Dans le cas de non-respect d’une ordonnance de retrait d’images intimes partagées sans consentement, les amendes prévues sont salées. Elles pourraient atteindre jusqu’à 50 000$ par jour où les images ne sont pas entièrement retirées. Les contrevenants pourraient même faire face à une peine d’emprisonnement. On ne rigole plus.
La loi prévoit également davantage de ressources et de soutien pour l’accompagnement des victimes.
Avec cette nouvelle loi, Québec lance un message clair. Le partage d’images intimes sans consentement est non seulement un crime, mais un phénomène croissant contre lequel notre société se donne des outils mieux adaptés à la réalité technologique actuelle.
Mieux vaut réfléchir que d’agir impulsivement
Le phénomène de sextorsion et de partage d’images intimes sans consentement a explosé dans les dernières années. On peut associer ce phénomène à l’accès pratiquement universel aux appareils mobiles connectés qui possèdent des caméras photo et vidéo.
Si vous possédez des images intimes de quelqu’un dans votre appareil, vous n’avez pas le droit de les partager. C’est le cas même si les images ont été obtenues avec le consentement de la personne.
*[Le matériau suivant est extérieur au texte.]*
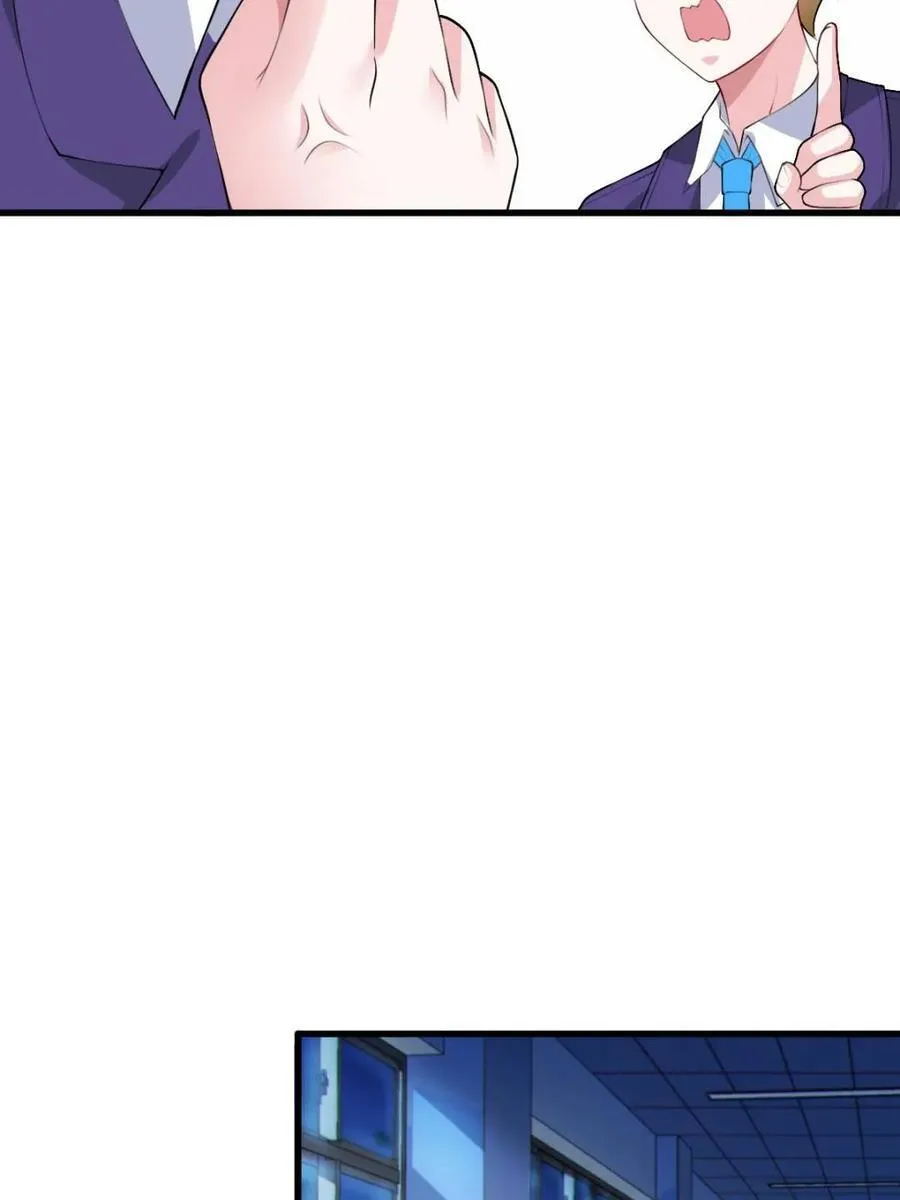 第69话 ：清野大小姐的朋友40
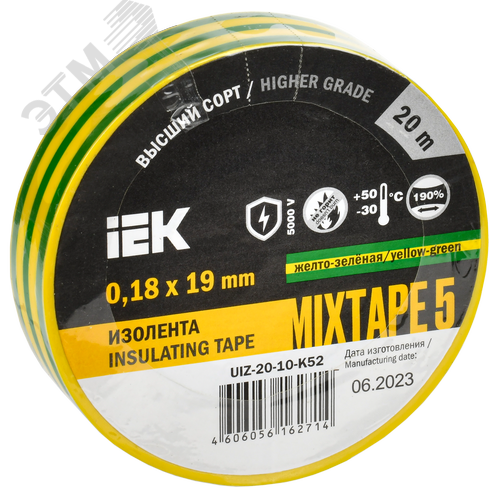 Изолента ПВХ желто-зеленая 19мм 20м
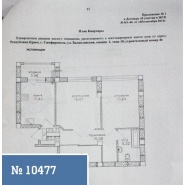 Симферополь, 2-к квартира 66 кв.м 10/10 эт.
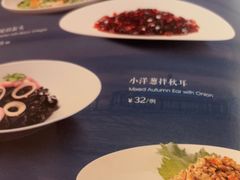 -巴音浩日娲·蒙餐(双林东路店)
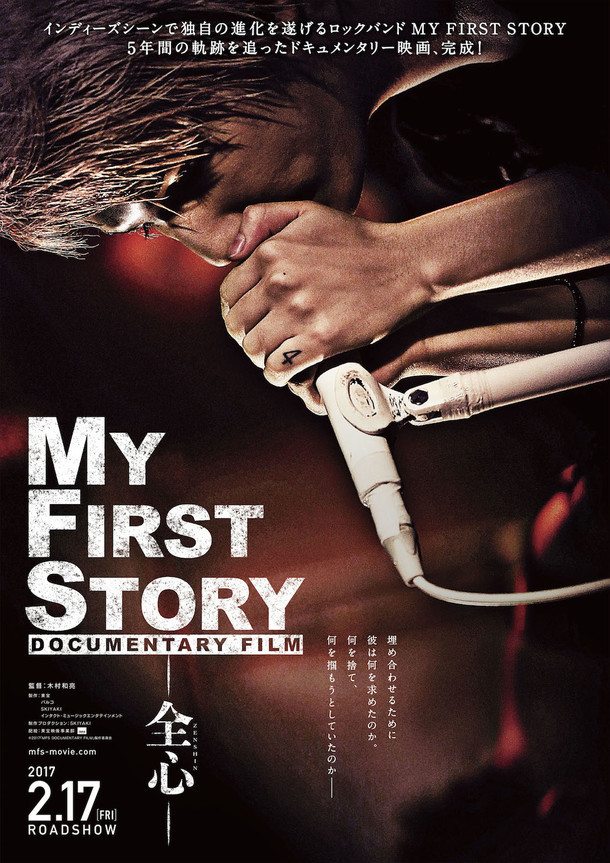 「MY FIRST STORY DOCUMENTARY FILM ー全心ー」ポスター （c）2017「MFS DOCUMENTARY FILM」製作委員会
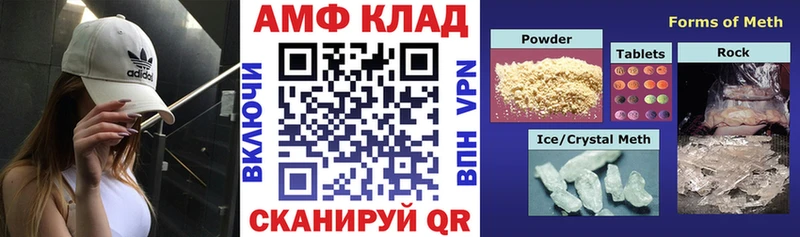 Амфетамин Premium  мега tor  Демидов  цены наркотик 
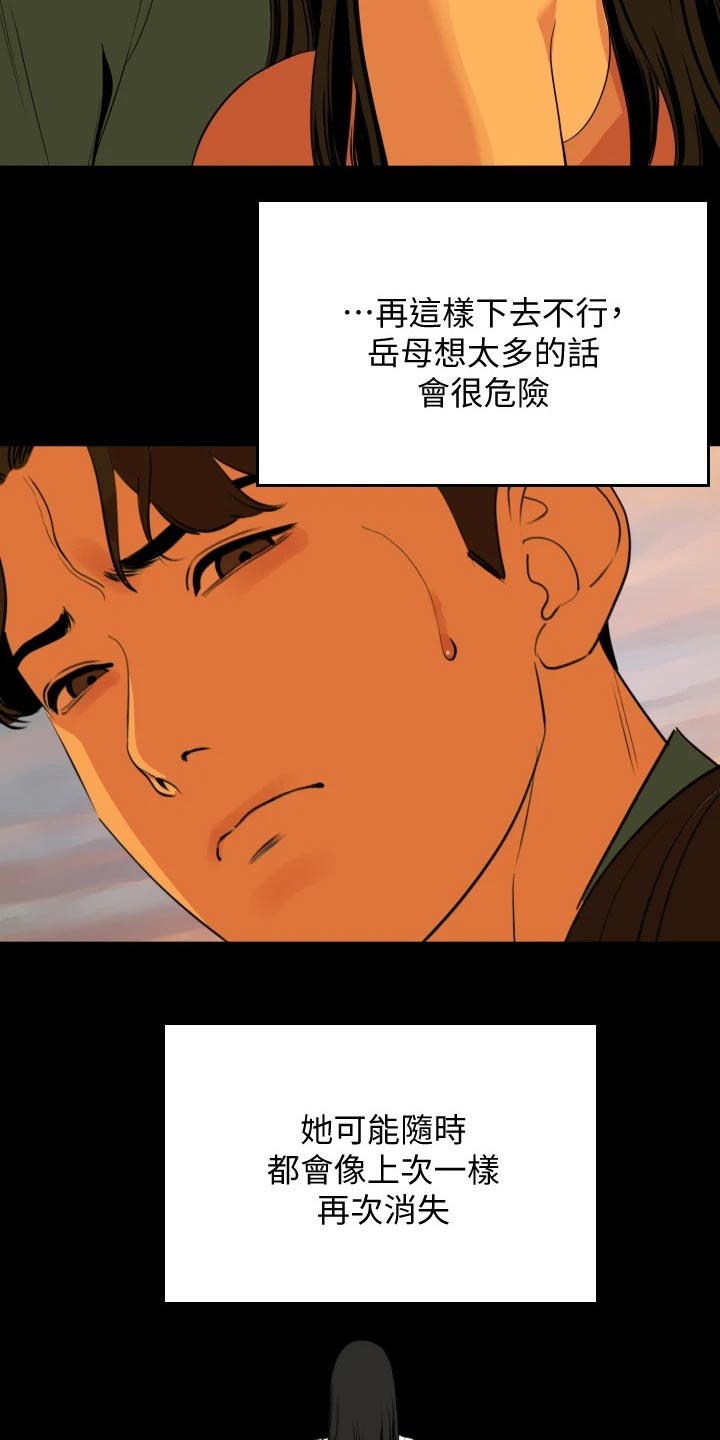 第93章：兜风15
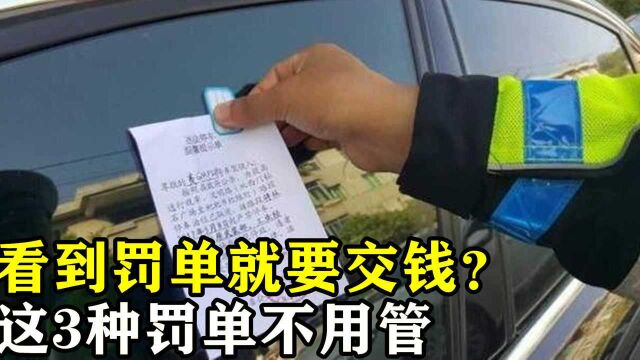 交警提醒:看到罚单就要交钱?这3种罚单不用管,直接撕掉也没事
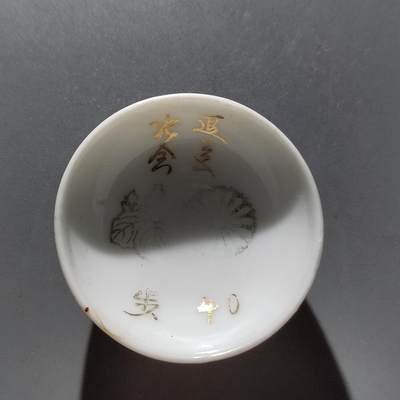 PCAI钱币16-324   证奖章小专场 - 步40联队军用小杯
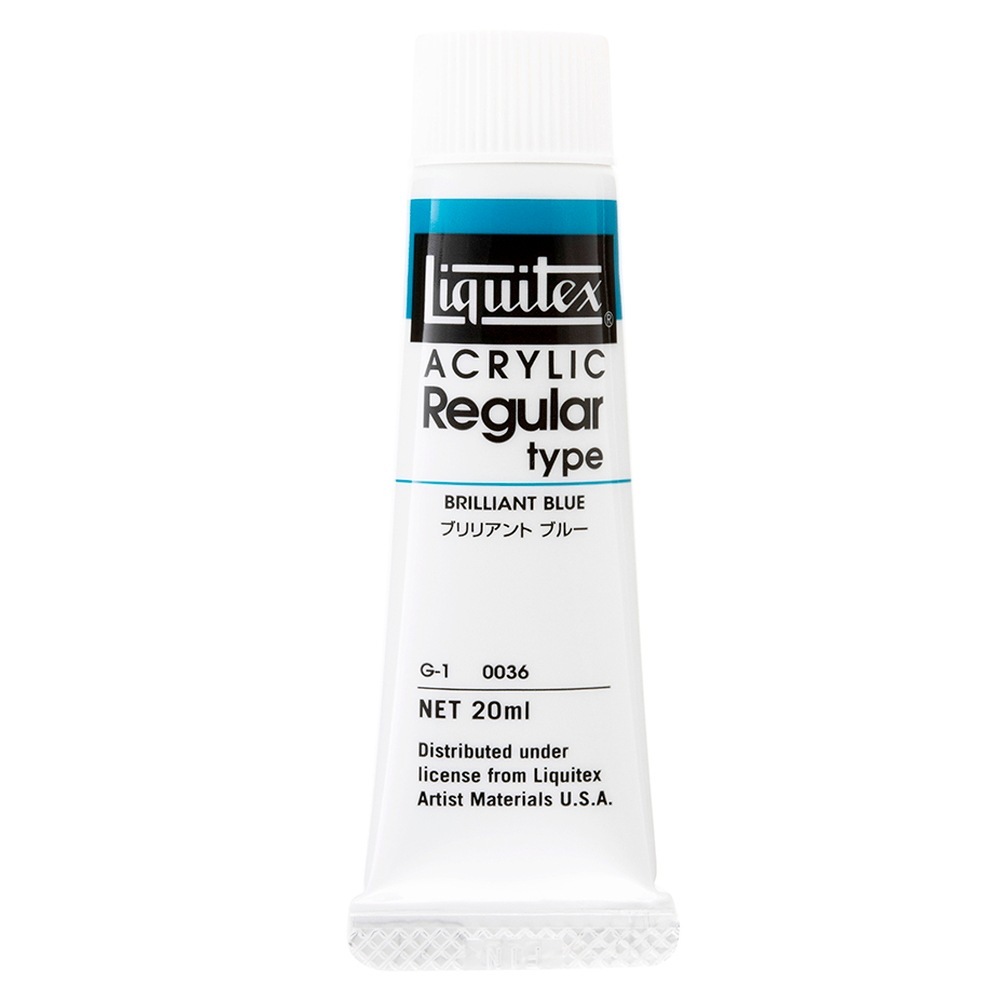 [3本セット] リキテックス レギュラー 6号(20ml) 036 ブリリアントブルー アクリル絵具 Liquitex (15101036)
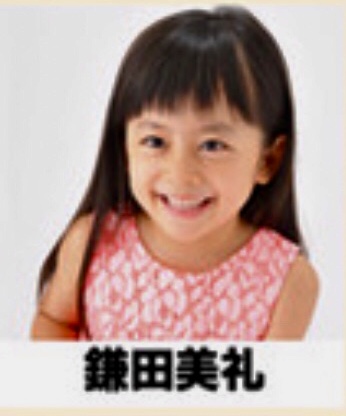 鎌田美礼の母親父親はどんな人？プロ棋士になった理由が泣ける！家族構成もmimoblog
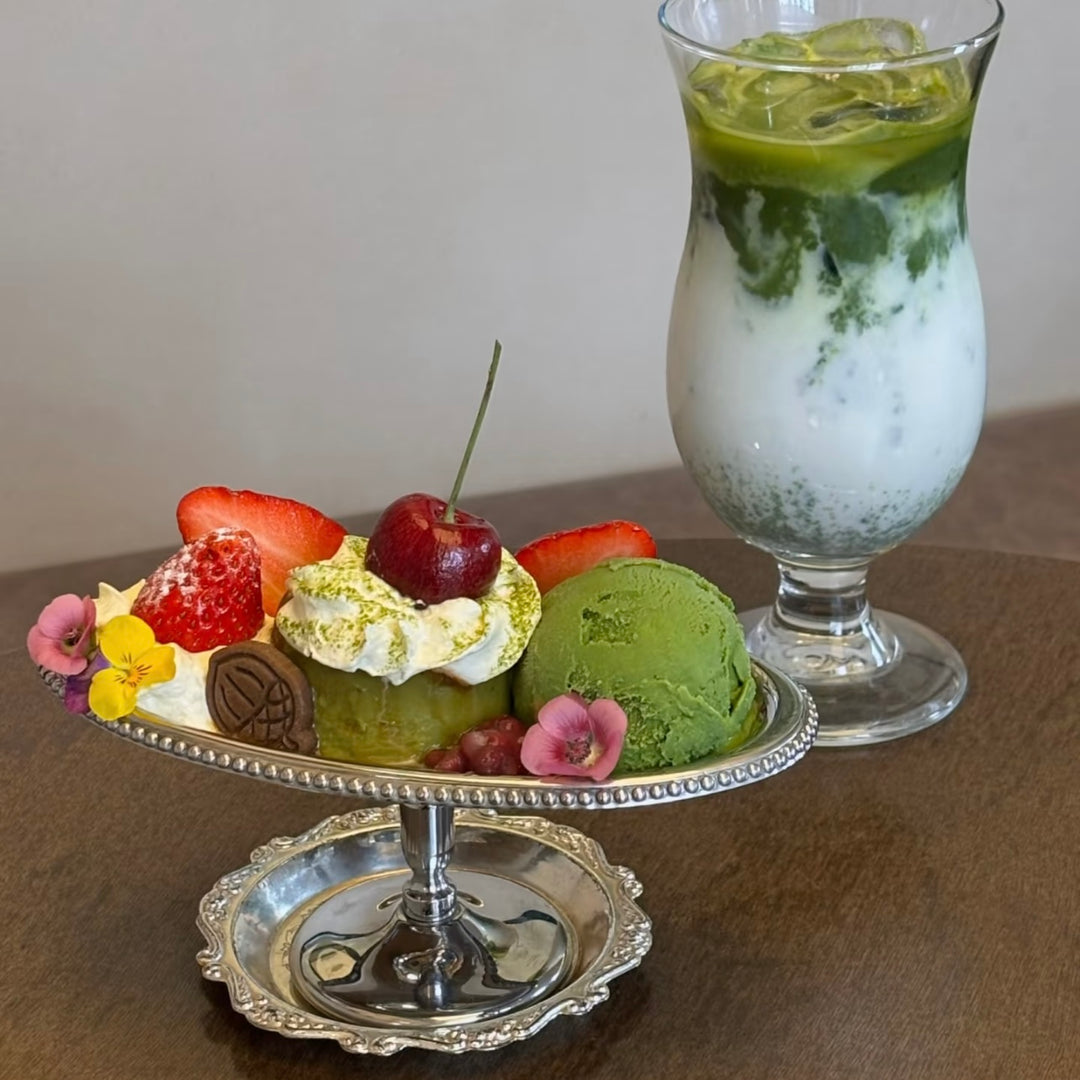Summer Party Metal Oval Cup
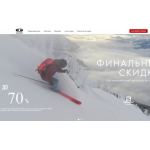 Все отзывы о Осторожно мошенники!! s.fashion365.pw на stena-otzyvov.ru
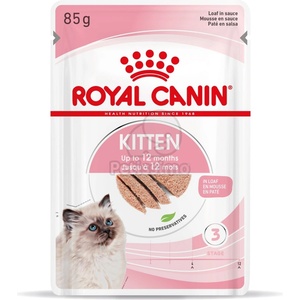 Royal Canin Kitten Loaf - мокра храна под формата на паста за котенца 12 x 85 г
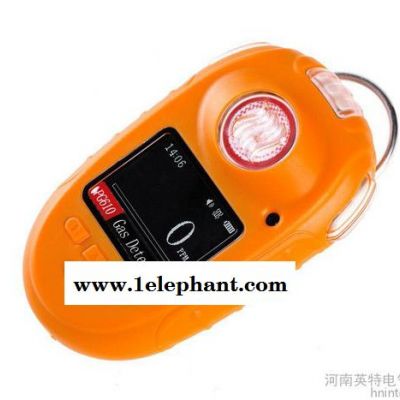 氢气气体探测器价格/PG610-H2便携式氢气探测器/氢气报警器厂家河南英特电气设备有限公司图4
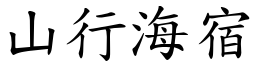 山行海宿 (楷體矢量字庫)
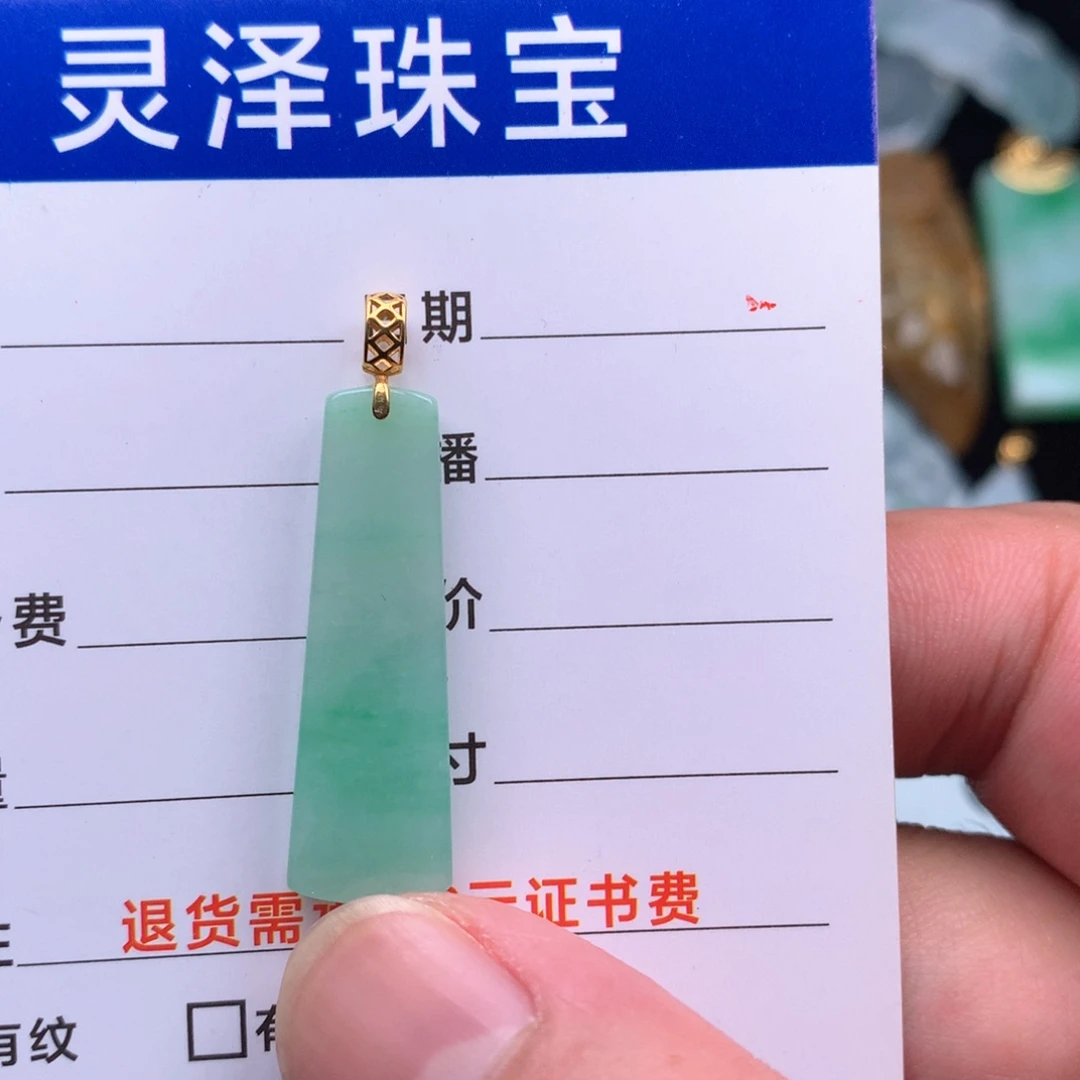 颈饰未镶嵌翡翠缅甸翡翠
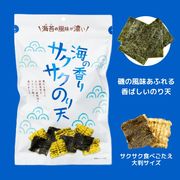 【まるか食品】海の香りサクサクのり天　65g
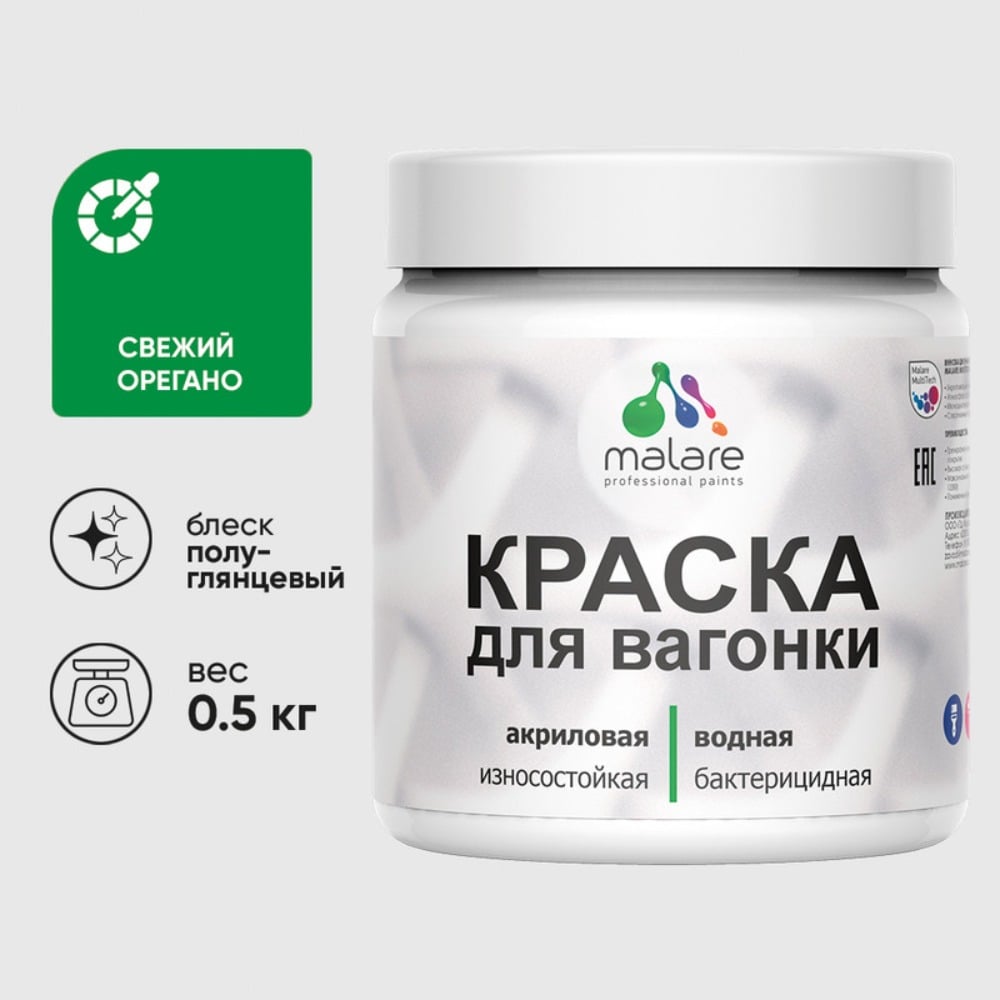Изображение товара Резиновая краска MALARE для вагонки для дерева с антисептическим эффектом, без запаха, полуглянцевая, свежий орегано, 0.5 кг КВГНКЛСВОПГ0050 Изображение товара Резиновая краска MALARE для вагонки для дерева с антисептическим эффектом, без запаха, полуглянцевая, свежий орегано, 0.5 кг КВГНКЛСВОПГ0050
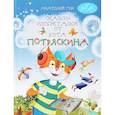 russische bücher: Гин Анатолий Александрович - Сказки-изобреталки от кота Потряскина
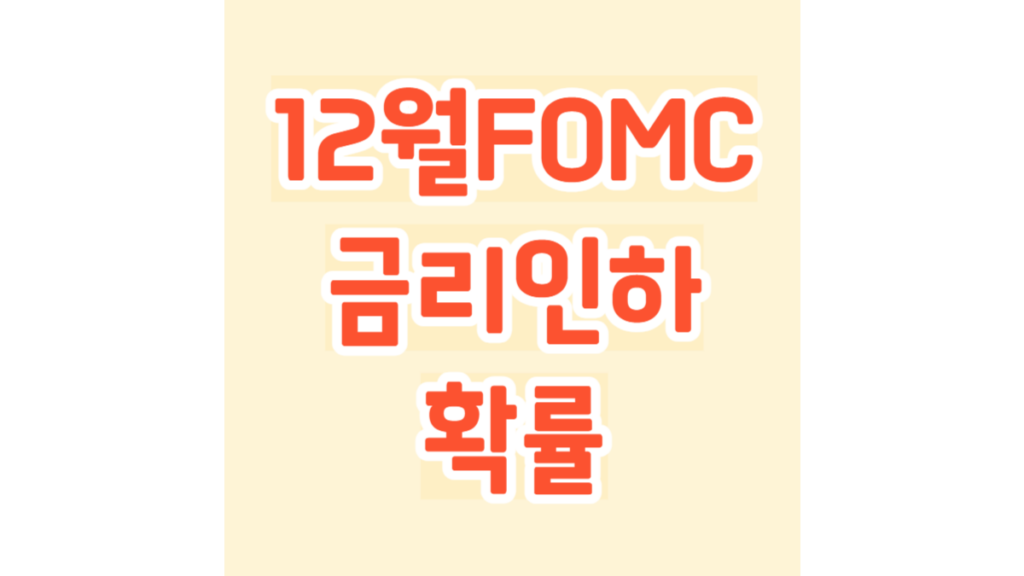 12월 FOMC, 금리인하 확률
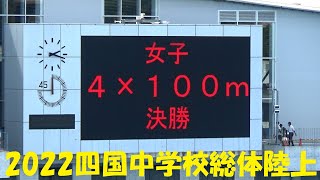 2022四国中学校総体陸上/女子共通4×100mR決勝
Avant d’agir sous l’impulsion du moment ou d’une émotion intense, mieux vaut réfléchir aux conséquences qui sont liées à ce geste. Ce qui peut sembler une bonne idée sur le coup de l’émotion peut s’avérer une grave erreur. Une erreur dont vous risquez de subir les conséquences longtemps par la suite.
Les rapprochements lors des fêtes de fin d’année : attention au consentement
On le sait, la fin de l’année est la période des Fêtes. C’est le moment des grands rassemblements, des soupers bien arrosés et des célébrations festives! Or, tout comme c’est le cas avec la consommation d’alcool, il faut demeurer prudent avec les rapprochements intimes. L’alcool et les célébrations créent des climats qui peuvent s’avérer propices à ceux-ci. Or, il est de la responsabilité de chacun de toujours s’assurer d’avoir le consentement de l’autre avant de passer à l’acte. Le consentement est nécessaire, qu’il s’agisse d’un simple baiser, d’attouchements ou de relations sexuelles.
N’oublions pas non plus que le consentement est requis pour chaque activité sexuelle. Avoir consenti à embrasser quelqu’un ne signifie pas que l’on a consenti à une relation sexuelle. Le fait d’avoir consenti à une relation sexuelle ne signifie pas que l’on a consenti à être filmé ou pris.e en photo pendant l’acte. Finalement, le fait d’avoir consenti à être filmé.e pendant l’acte ne signifie pas que l’on consent au partage ou à la diffusion de ces images intimes. Et ainsi de suite. Le consentement est nécessaire à chaque étape et à chaque activité. Si le consentement d’un des deux partenaires n’est pas respecté, il s’agit d’une agression sexuelle.